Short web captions

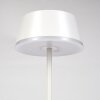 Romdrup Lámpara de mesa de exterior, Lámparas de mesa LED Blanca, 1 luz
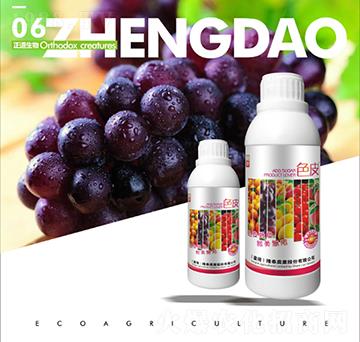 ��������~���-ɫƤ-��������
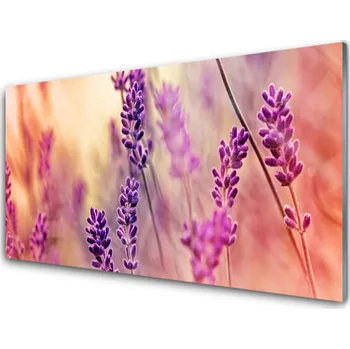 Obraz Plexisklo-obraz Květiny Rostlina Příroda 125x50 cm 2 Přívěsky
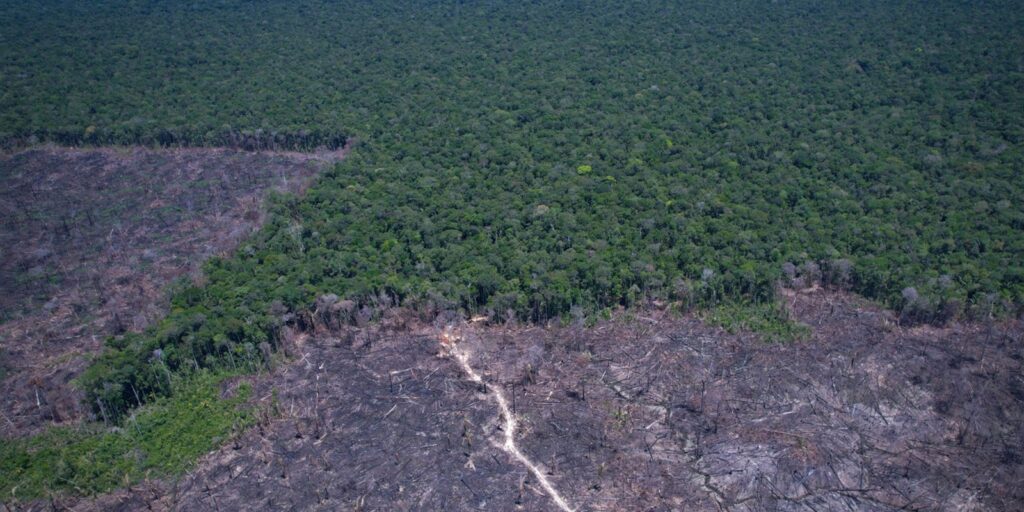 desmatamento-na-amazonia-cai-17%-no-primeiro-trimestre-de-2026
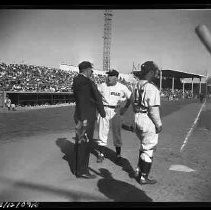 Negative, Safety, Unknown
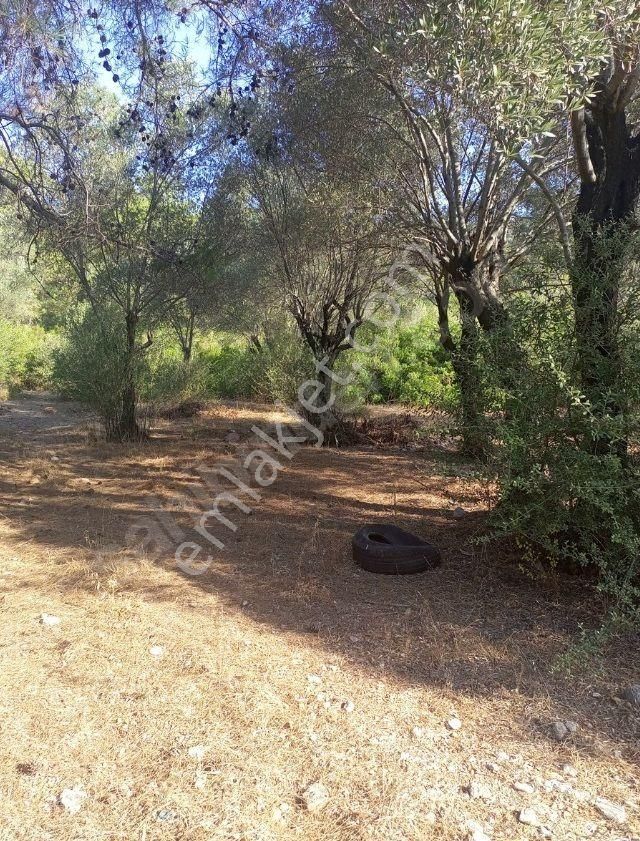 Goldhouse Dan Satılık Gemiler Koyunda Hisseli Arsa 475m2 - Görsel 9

Task item:
Where a line contains "Obraz Plexisklo-obraz Květiny", begin there and set down exactly each line through the end of the data above, omitting any pictures.

Task answer:
 Obraz Plexisklo-obraz Květiny Rostlina Příroda 125x50 cm 2 Přívěsky
 desmatamento-na-amazonia-cai-17%-no-primeiro-trimestre-de-2026
 Negative, Safety, Unknown
 Goldhouse Dan Satılık Gemiler Koyunda Hisseli Arsa 475m2 - Görsel 9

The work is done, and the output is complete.